Task
When you copy from the entries that follow, take only the lines from the one with "18K Gold Plated" down to the one with "Beachy Turtle Table", keeping both ends and dropping every picture.
┌──
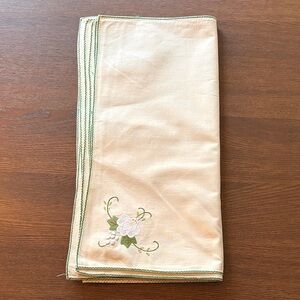 VINTAGE - Table Napkins Hand Embroidered & Appliqué Cream with Green Trim - NWOT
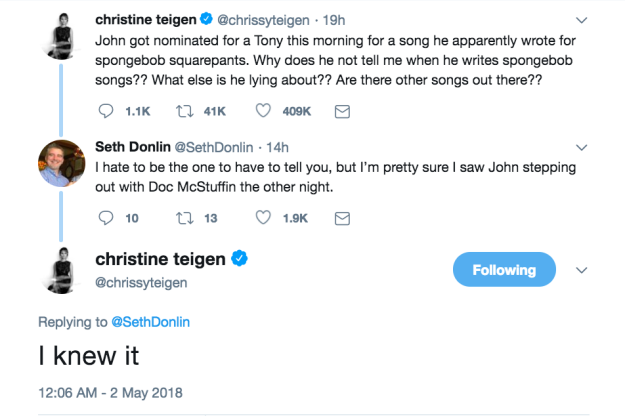 But then one fan joked that John's next musical collaboration would be with Doc McStuffins, and Chrissy was down for it.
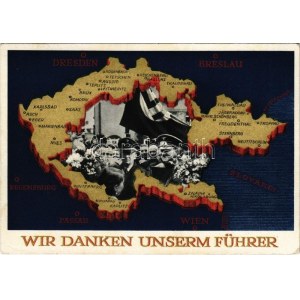1939 Wir danken unserm Führer / NSDAP German Nazi Party propaganda, Adolf Hitler, Konrad Henlein...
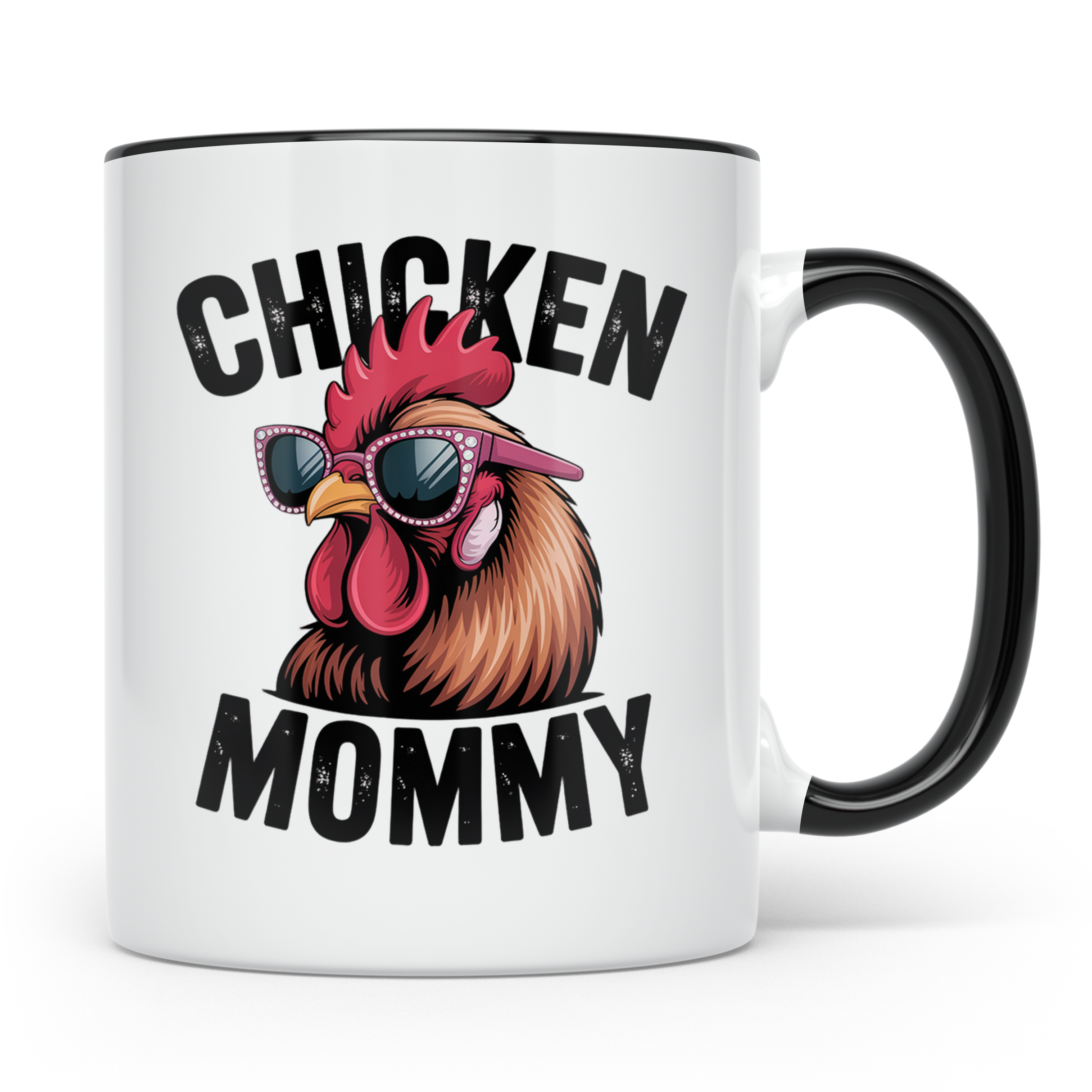 Chicken Mommy Tasse - Hühner Mama mit Sonnenbrille - Geflüge – Schwarz [farbe:schwarz]
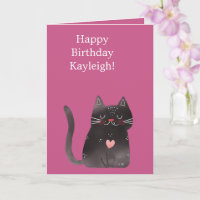 Black Pink Heart Cat Birthday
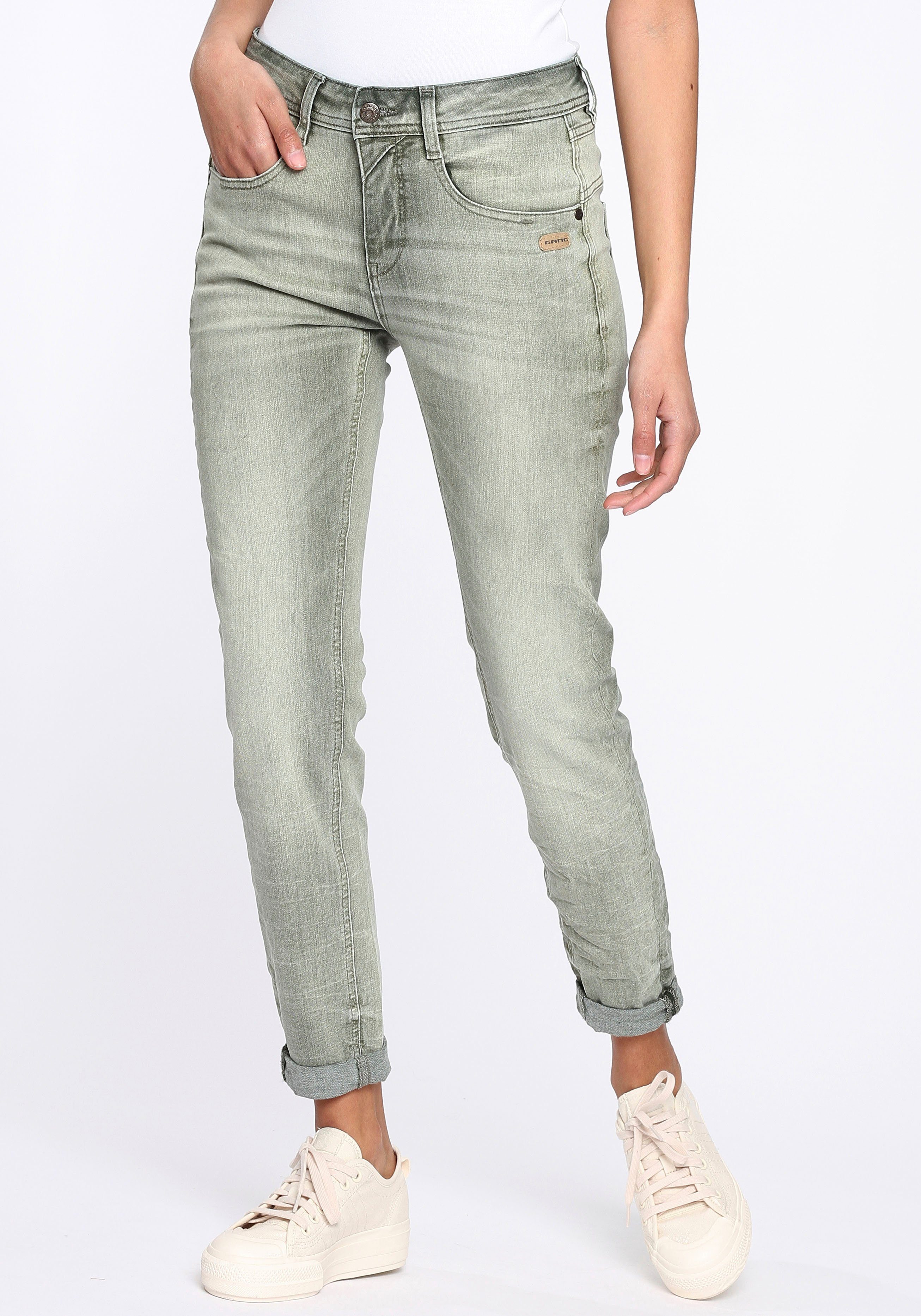(grey down GANG perfekter Sitz Relax-fit-Jeans used) washed 94AMELIE Elasthan-Anteil durch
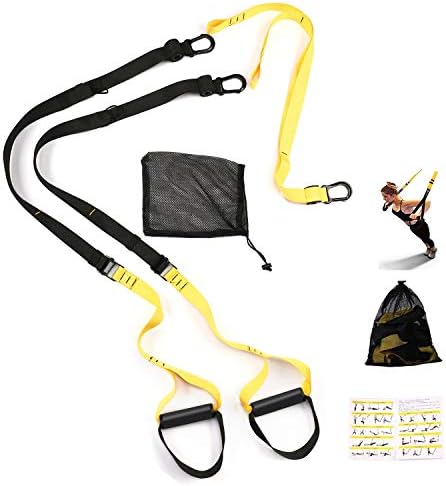 IKEFLY Trainer Kit Training Straps Bodyweight Resistance Training System Home Gym Fitness Trainer, Outdoor and Indoor, Professional Fitness Super Sturdy Training Straps for Full-Body Workout Exercise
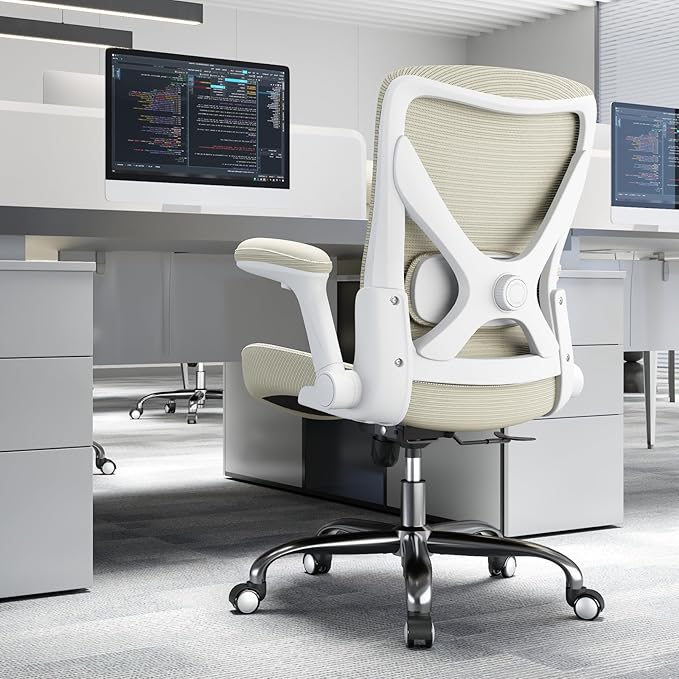 Home Office Ergonomic Chair-Computer PU Leather X-Shaped Desk Chair-Gaming Chair with Adjustable Flip-up Armrests Lumbar Support Mesh Executive Chair for Long Hours Office (Beige)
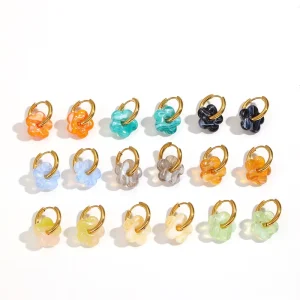 18K Gold Plated Non Tarnish Waterproof Multicolored Flower Huggies Stainless Steel Orange Flower Earrings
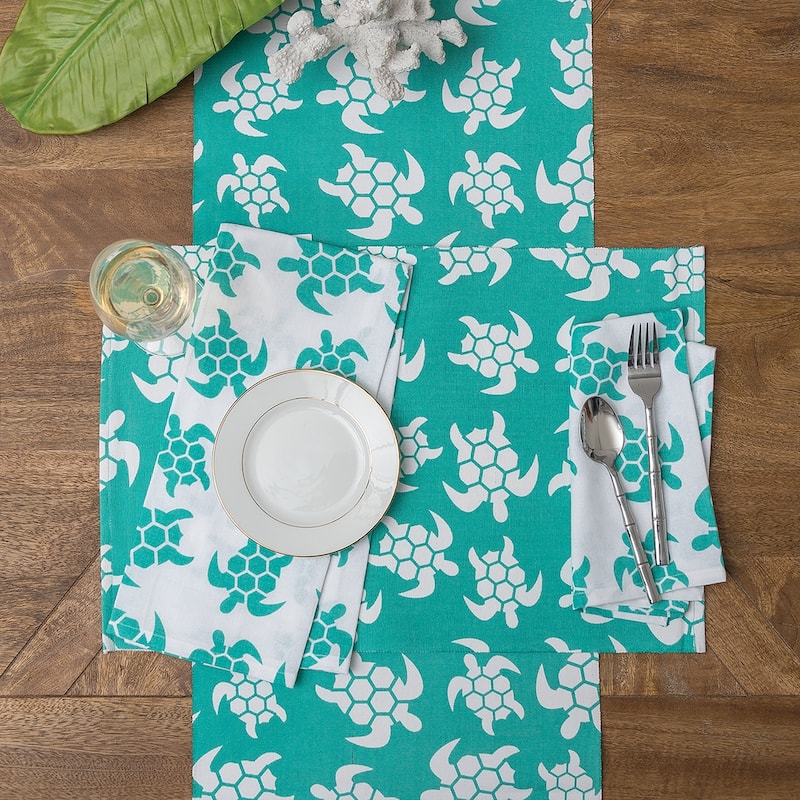 13" x 72" Beachy Turtle Table Runner - 13" x 72"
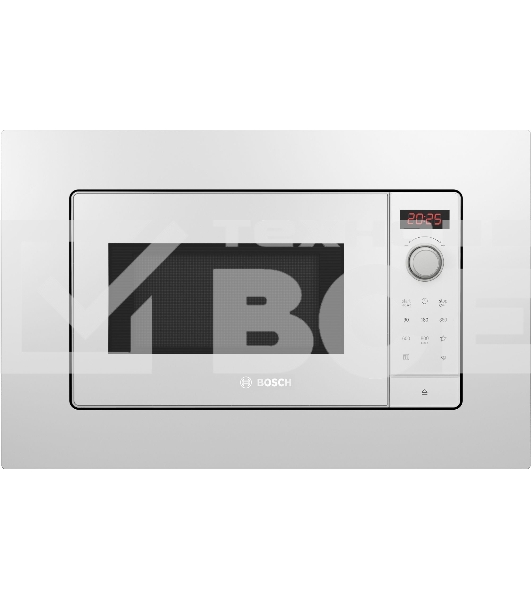 Микроволновая печь встраиваемая Bosch BFL623MW3 Serie 2, белый, 20 л, 800 Вт, переключатели - поворотный механизм/сенсор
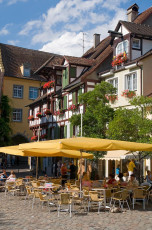 Meersburg 149-2008 B, Café und Fachwerk am Schlossplatz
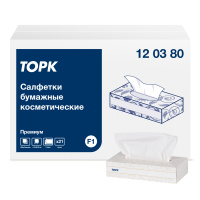 Косметические салфетки Tork Premium F1, 120380, для лица, 100шт, 2 слоя, белые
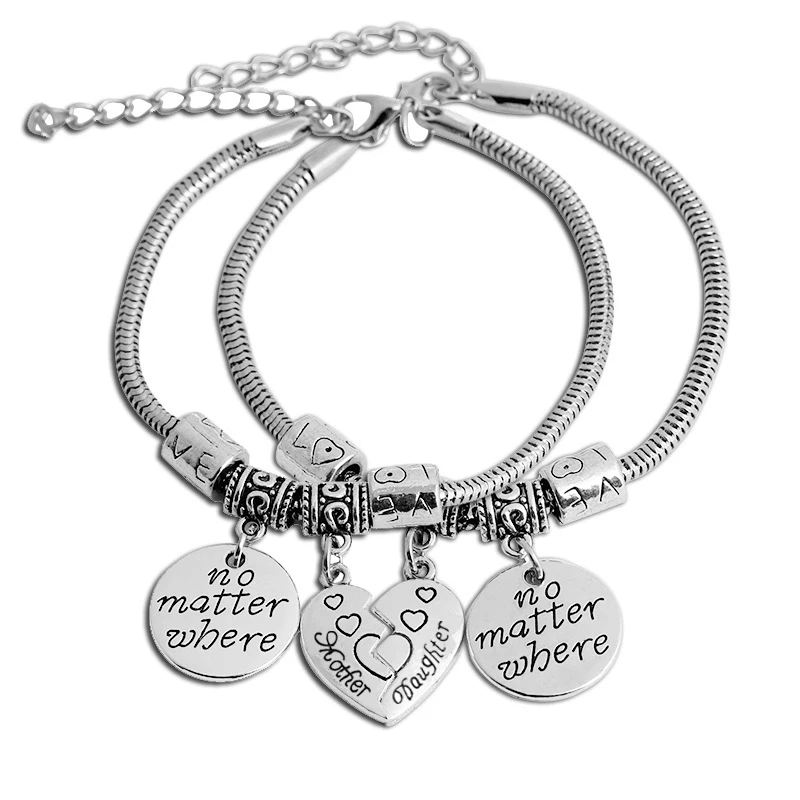 

12 Set/Lot Family Love Mother Daughter Bracelet No Matter Where Broken Heart Charms Gift For Mom Women Girl Chain Bangle Jewelry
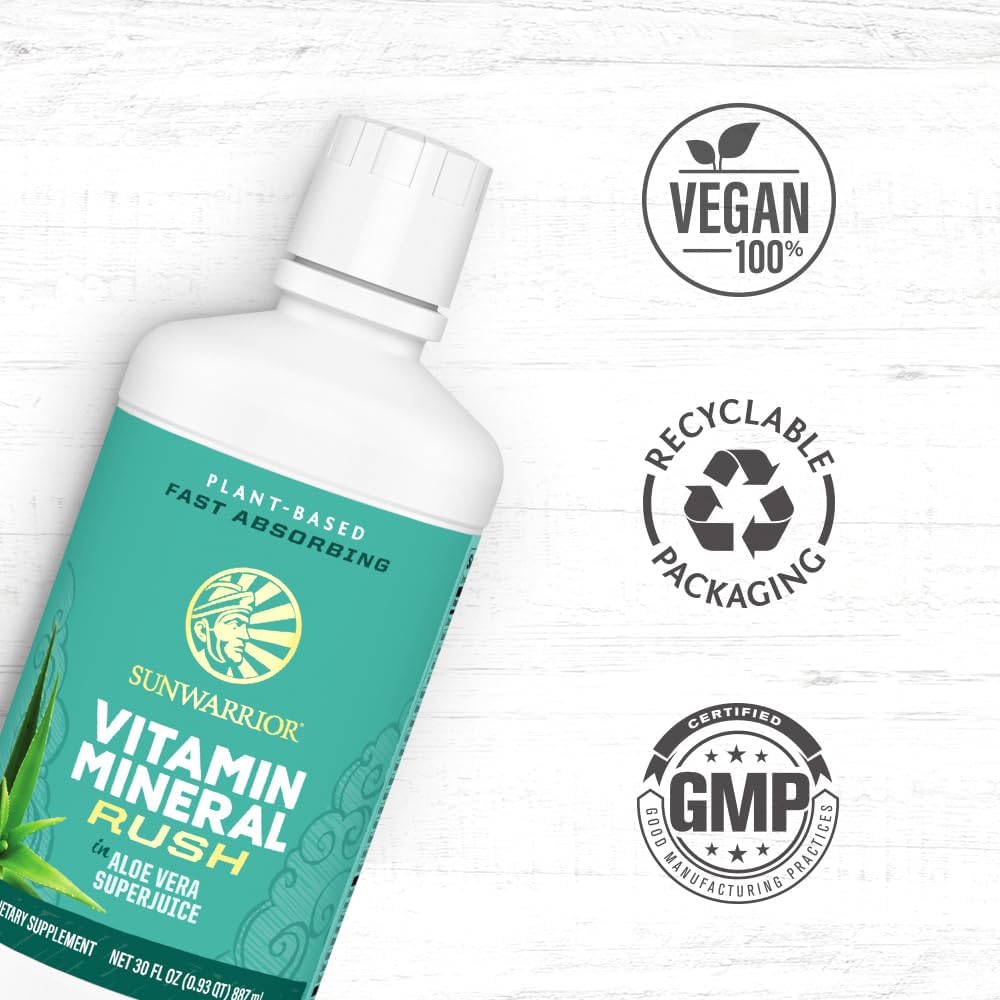 Sunwarrior Liquid Multivitamin Supplements & Minerals Vegan Plant-Based with Aloe Vera for Men and Women | Energy & Immune Support Gluten Sugar Dairy Free | 30 Fl Oz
└──
Reply to the task
 18K Gold Plated Non Tarnish Waterproof Multicolored Flower Huggies Stainless Steel Orange Flower Earrings
 13" x 72" Beachy Turtle Table Runner - 13" x 72"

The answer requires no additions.